Cuando la compañía decide unilateralmente excluir al médico del cuadro, modificar sustancialmente las condiciones económicas, o reducir drásticamente la derivación de pacientes, la consecuencia puede ser una pérdida inmediata y significativa de actividad profesional.

Si esa decisión se adopta sin un margen razonable de adaptación, la situación puede asemejarse a los supuestos analizados por el Tribunal Supremo en materia de ruptura abrupta de relaciones comerciales.

A esta estructura de dependencia se añade un factor adicional y es la opacidad en los criterios de decisión de las aseguradoras.

En la práctica, los profesionales sanitarios suelen desconocer los criterios de inclusión o exclusión en los cuadros médicos; los algoritmos o mecanismos de derivación de pacientes; los parámetros utilizados para evaluar su continuidad dentro de la red asistencial.

Esta falta de transparencia agrava el desequilibrio entre las partes.

Cuando una entidad concentra el acceso al mercado y adopta decisiones sin criterios claros ni mecanismos de revisión, el profesional queda expuesto a una incertidumbre estructural sobre la continuidad de su actividad.

Desde el punto de vista jurídico, esta situación puede intensificar los riesgos de explotación abusiva de la dependencia económica.

El sistema sanitario privado español ha evolucionado hacia un modelo en el que las aseguradoras desempeñan un papel central en la organización del mercado asistencial.

Este modelo no es necesariamente problemático en sí mismo. Sin embargo, cuando el poder de organización del mercado se combina con situaciones de dependencia económica y con decisiones poco transparentes, surgen tensiones jurídicas que merecen atención.

La doctrina sobre dependencia económica y la jurisprudencia del Tribunal Supremo sobre ruptura abrupta de relaciones comerciales ofrecen herramientas conceptuales útiles para analizar estos fenómenos.

No se trata de cuestionar la libertad contractual de las aseguradoras, sino de recordar que esa libertad debe ejercerse dentro de los límites de la buena fe y del equilibrio en las relaciones económicas.

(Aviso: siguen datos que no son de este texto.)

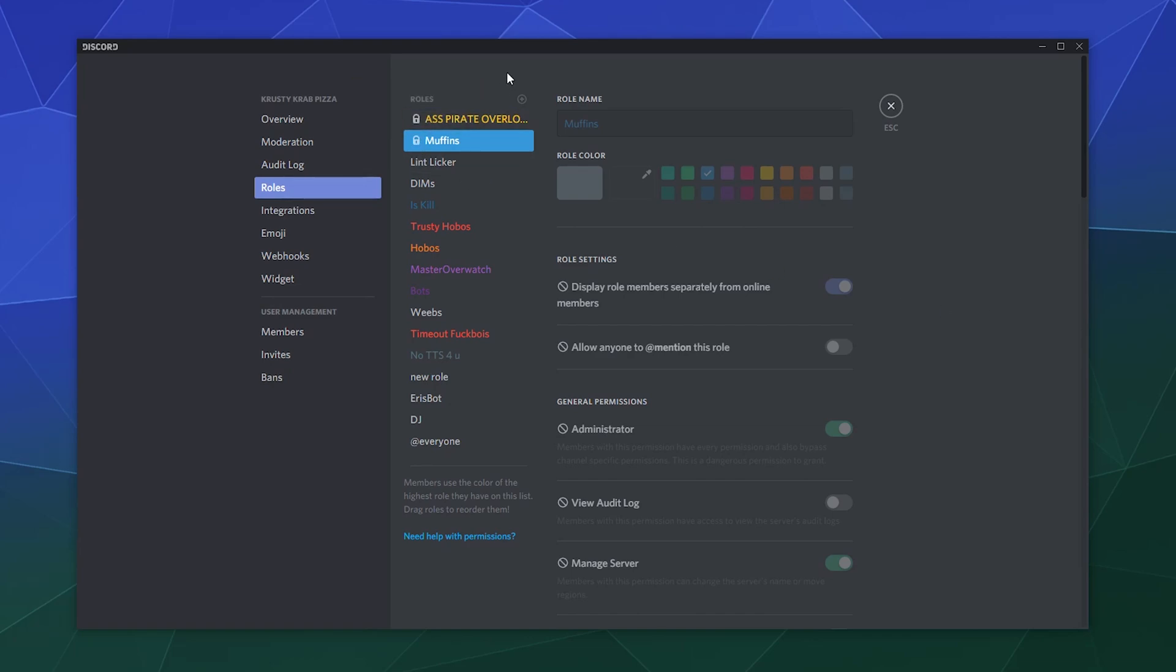What do they mean? How can you control them? And what's the next step? So the short answer is there's nothing you can do about a locked role. You can't put a lock on a role, you can't take a lock off of a role.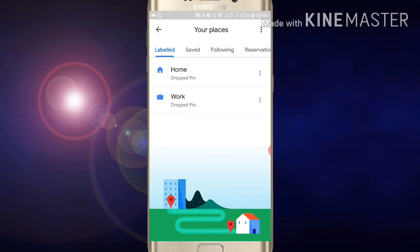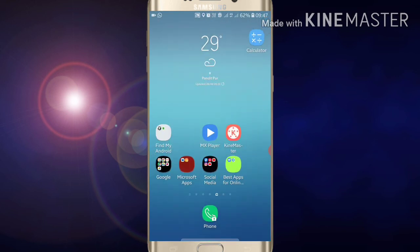Now you have successfully changed your home address on Google Maps. If you liked this video, please like it and subscribe to my channel for more videos like this. Thanks for watching!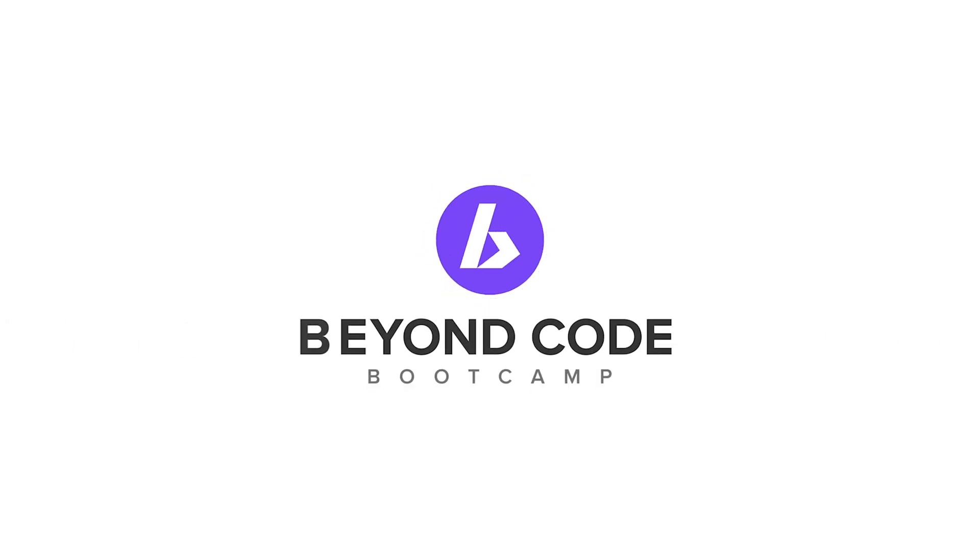Well, I hope that helps. Be sure to like if you like, subscribe if you want more like this, and if you're interested in becoming a software engineer, check out beyond code bootcamp in the link in the description below, and I will catch you next time. Adios.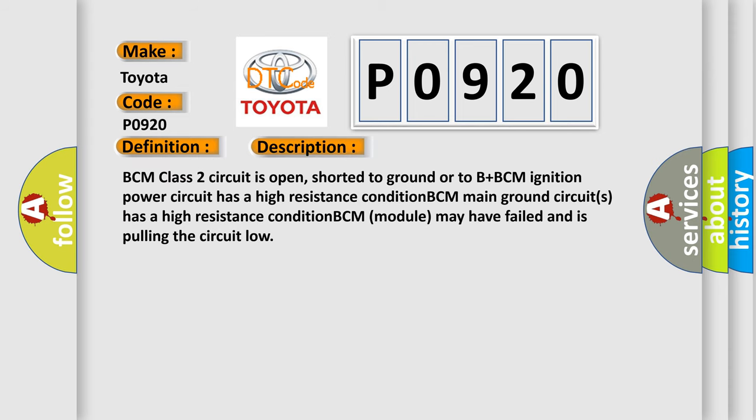BCM class 2 circuit is open, shorted to ground or to B plus. BCM ignition power circuit has a high resistance condition. BCM main ground circuits has a high resistance condition. BCM module may have failed and is pulling the circuit low.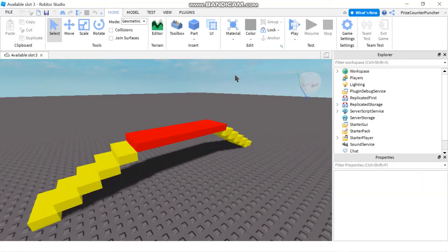Hello everyone and welcome back to another Priceyp Roblox tutorial. Today's tutorial is going to be all about module scripts in Roblox. The first question that comes to mind is: why module scripts? Don't we already have enough scripts? We have local scripts and scripts, and the answer is instead of keeping different copies of the same script inside your game, you want to have a single place to keep a single copy of the script.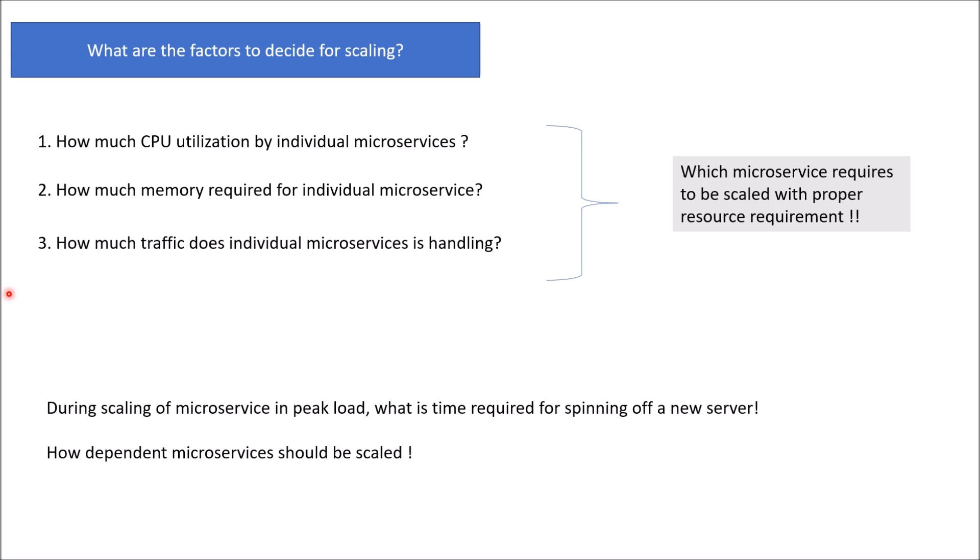So this is all about scaling in microservices. Stay tuned and subscribe for more upcoming videos. Bye.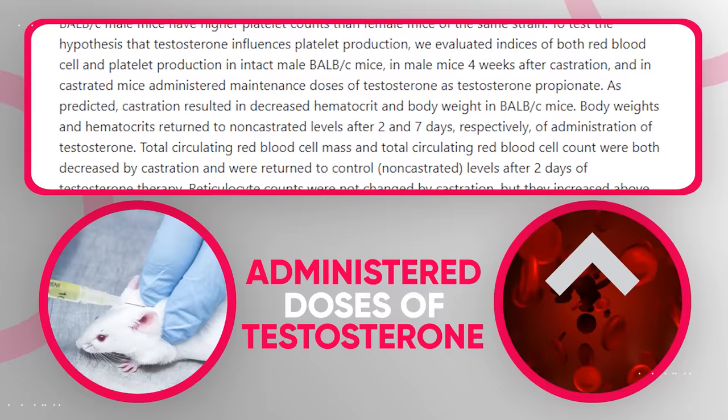So testosterone has both beneficial effects and, when present at excessively high levels, potentially adverse effects. But it's clear that this is a crucial hormone for your body composition, your health, and your overall well-being.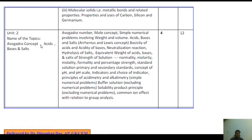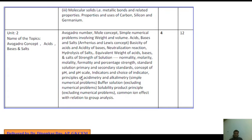Unit 2: Avogadro Concept, Acid-Base-Salt, Avogadro Number, Mole Concept, simple numerical problems involving weight and volume. Acid-Base-Salt: Arrhenius and Lewis concepts, Basicity of Acid, Acidity of Base, Neutralization Reaction, Hydrolysis of Salt, Equivalent weight of Acids, Bases, and Salts. Strength of Solutions: Normality, Molarity, Molality, Formality, Percentage Strength, Standard Solutions, Primary and Secondary Standards. Concept of pH and pH Scale, Indicators, Principle of Acidimetry and Alkalimetry, simple numerical problems. Buffer Solutions, Solubility Product Principle with numerical problems, Common Ion Effect and Reaction in Group Analysis. Time allocated: 4 hours, 12 marks.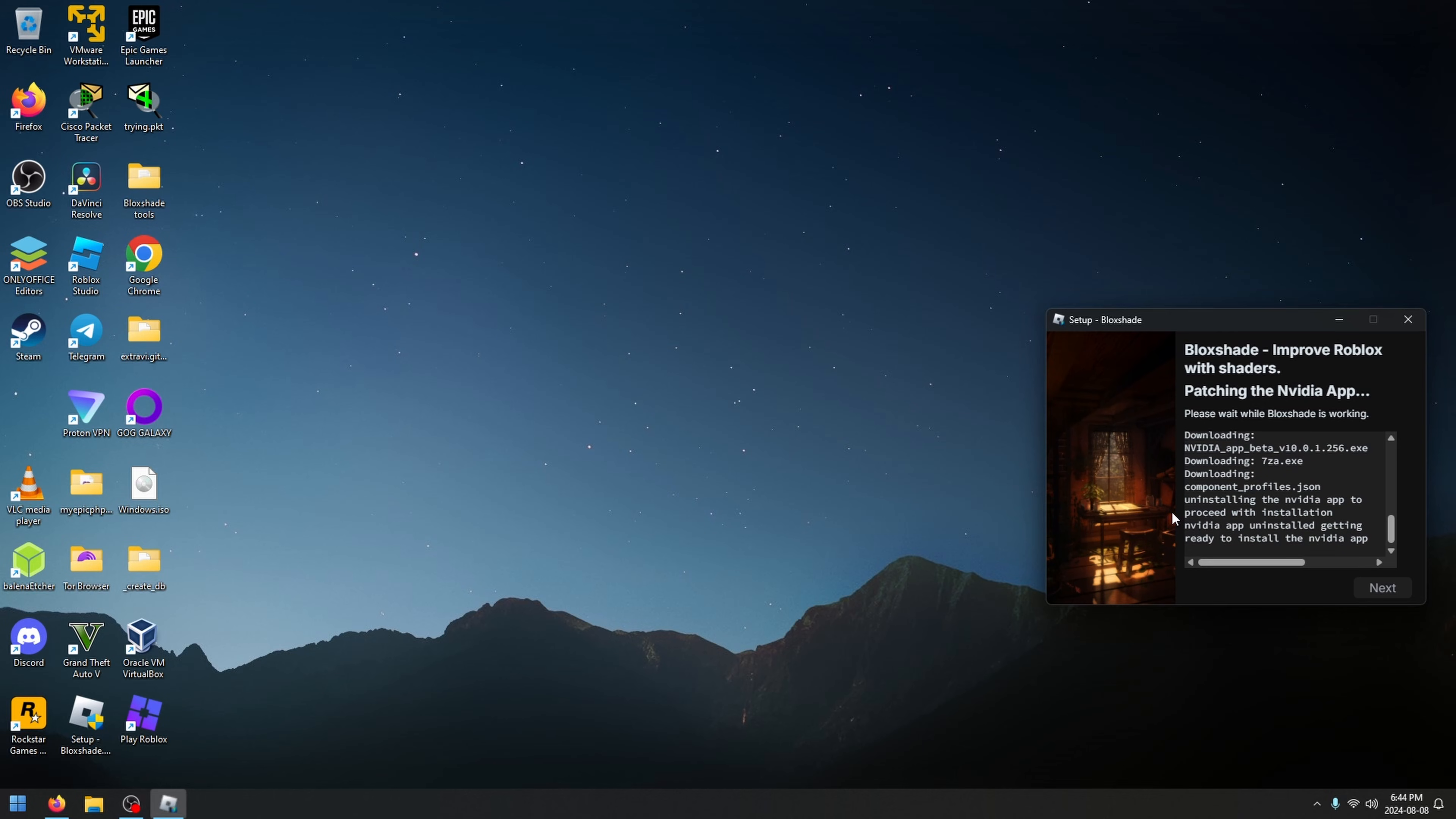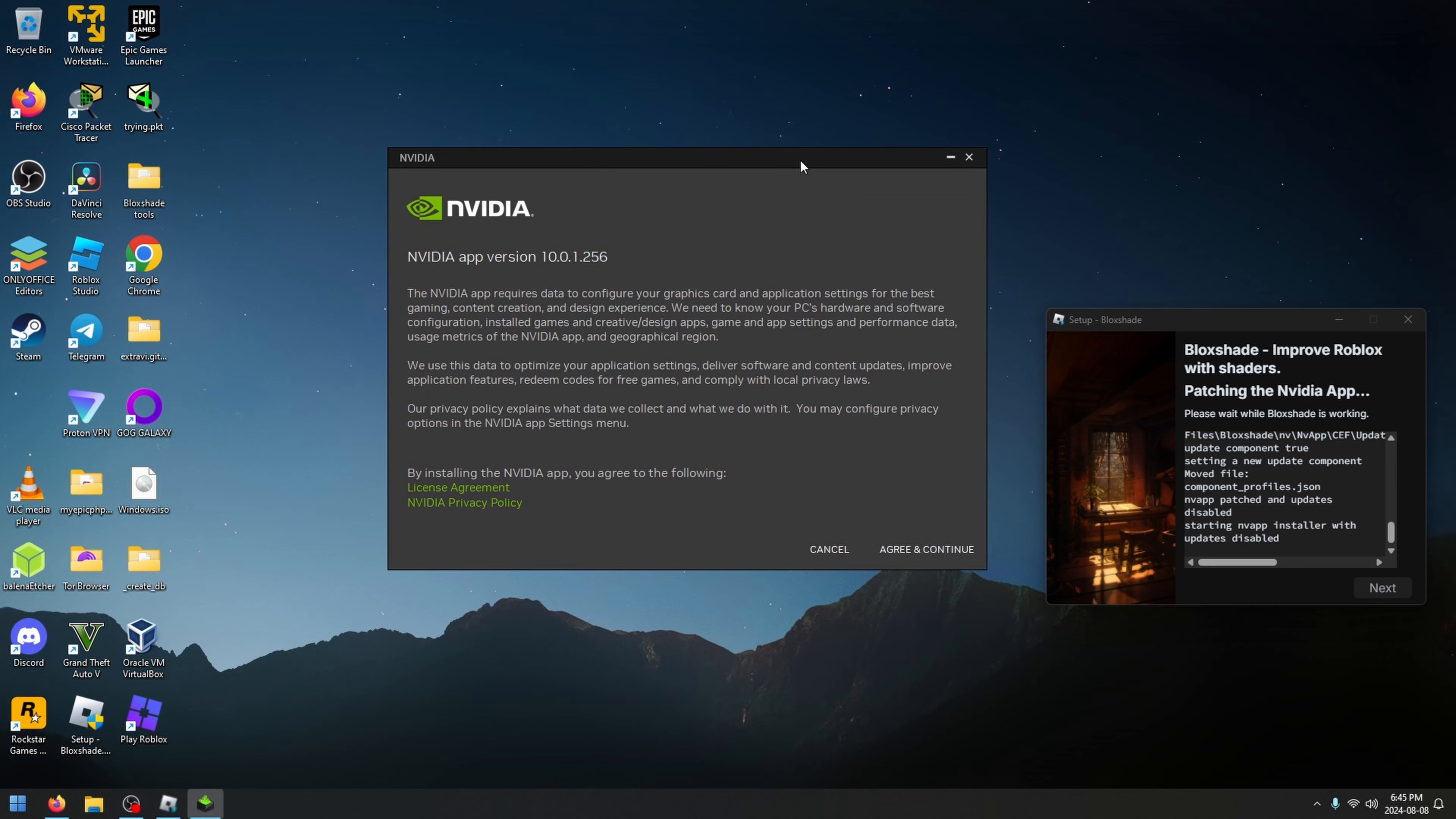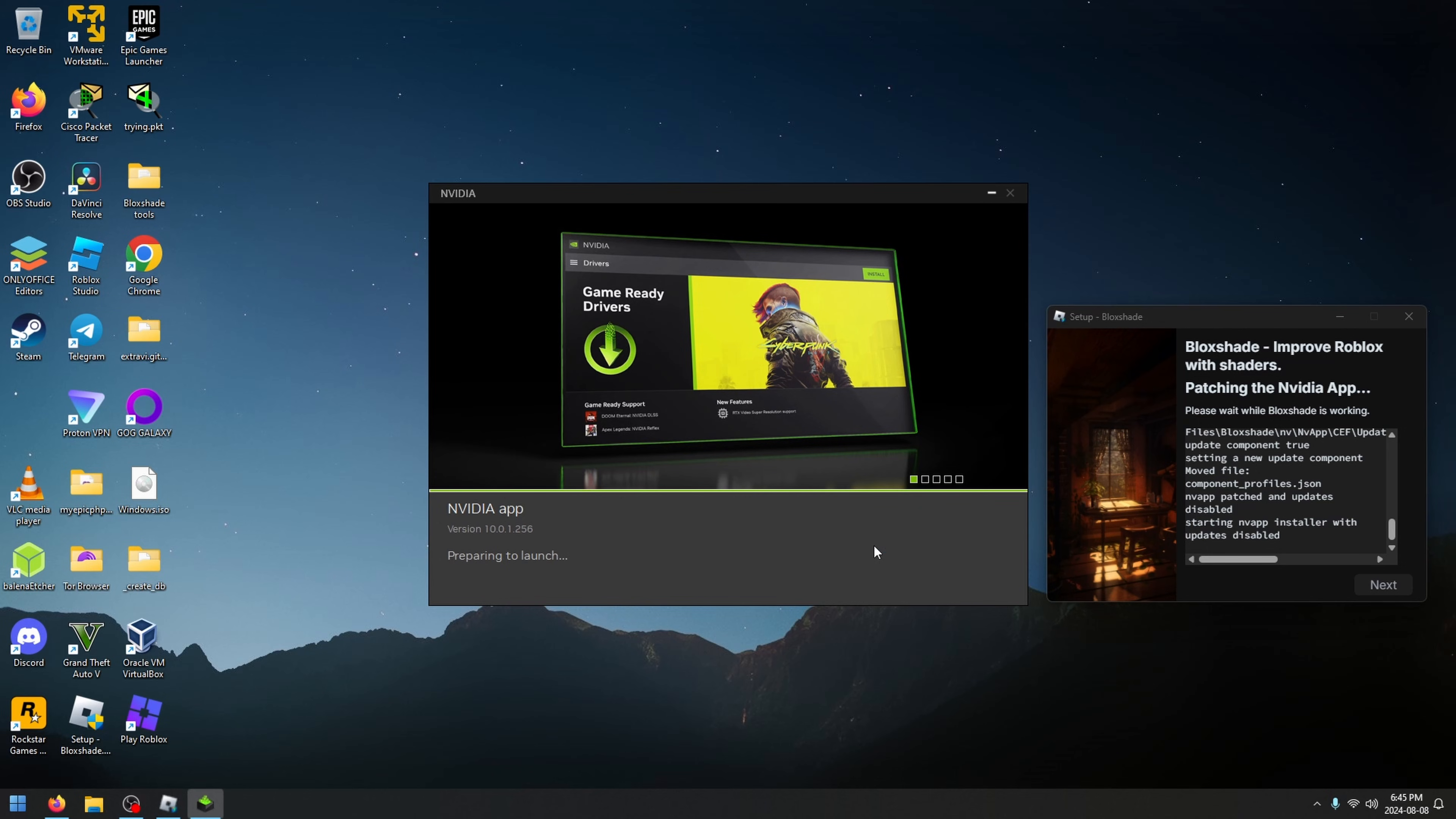You can see it has uninstalled the NVIDIA app and is getting ready to install a different version where shaders will work. It's going to take you to a slightly older version and disable updates for it, but you're still going to get driver updates and everything will function as expected. Click agree and continue and just wait for this to happen.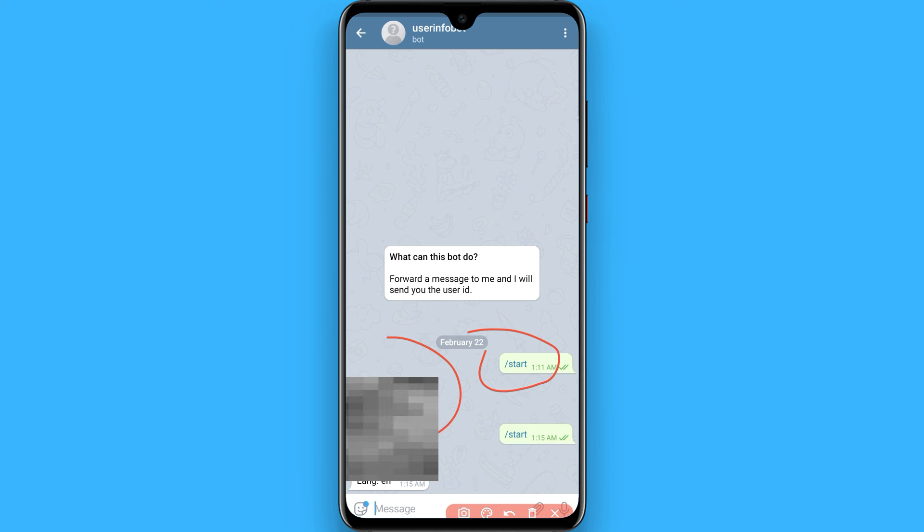In this way you can get the user ID on Telegram. Hope this video was helpful for you. See you next time, thank you.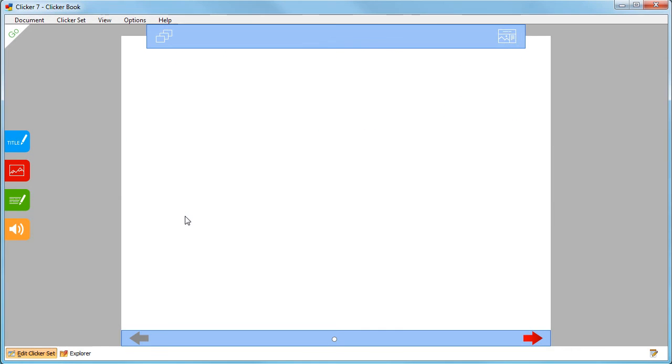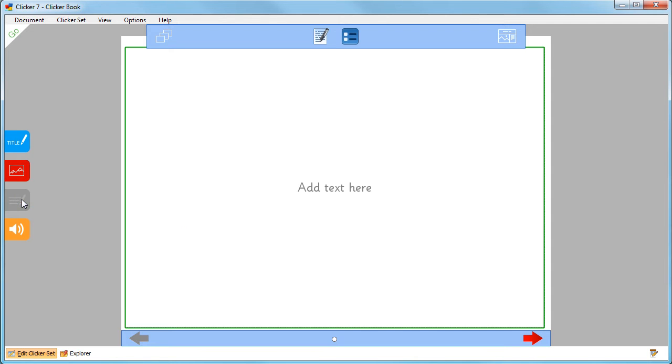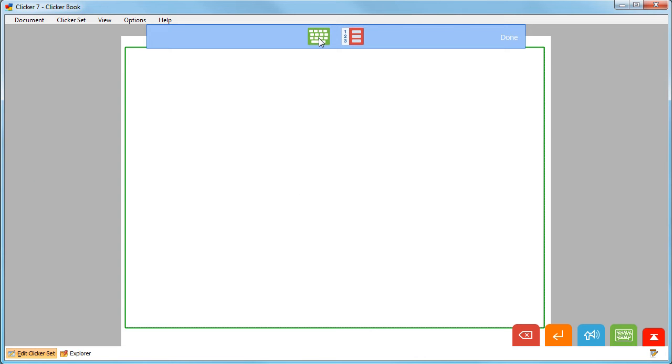Text is easily added to a Clicker Book by using the title box or text box. I'm going to choose a text box. To type into the text box, click here.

Las relaciones entre aseguradoras y médicos autónomos constituyen un ejemplo paradigmático de cómo las estructuras de mercado pueden generar situaciones de dependencia económica sin que exista formalmente una relación de subordinación jurídica.

En estos contextos, el derecho privado cumple una función esencial para evitar que el poder económico derivado de la posición en el mercado se traduzca en decisiones arbitrarias que frustren la actividad profesional de quienes dependen de ese mercado para ejercer su profesión.

La aplicación de la doctrina sobre dependencia económica y ruptura abrupta de relaciones comerciales al sector sanitario privado abre un campo de reflexión jurídica que probablemente adquirirá mayor relevancia en los próximos años.

Porque cuando el acceso al paciente depende de decisiones empresariales concentradas, la frontera entre libertad contractual y abuso de posición económica se vuelve inevitablemente más delicada.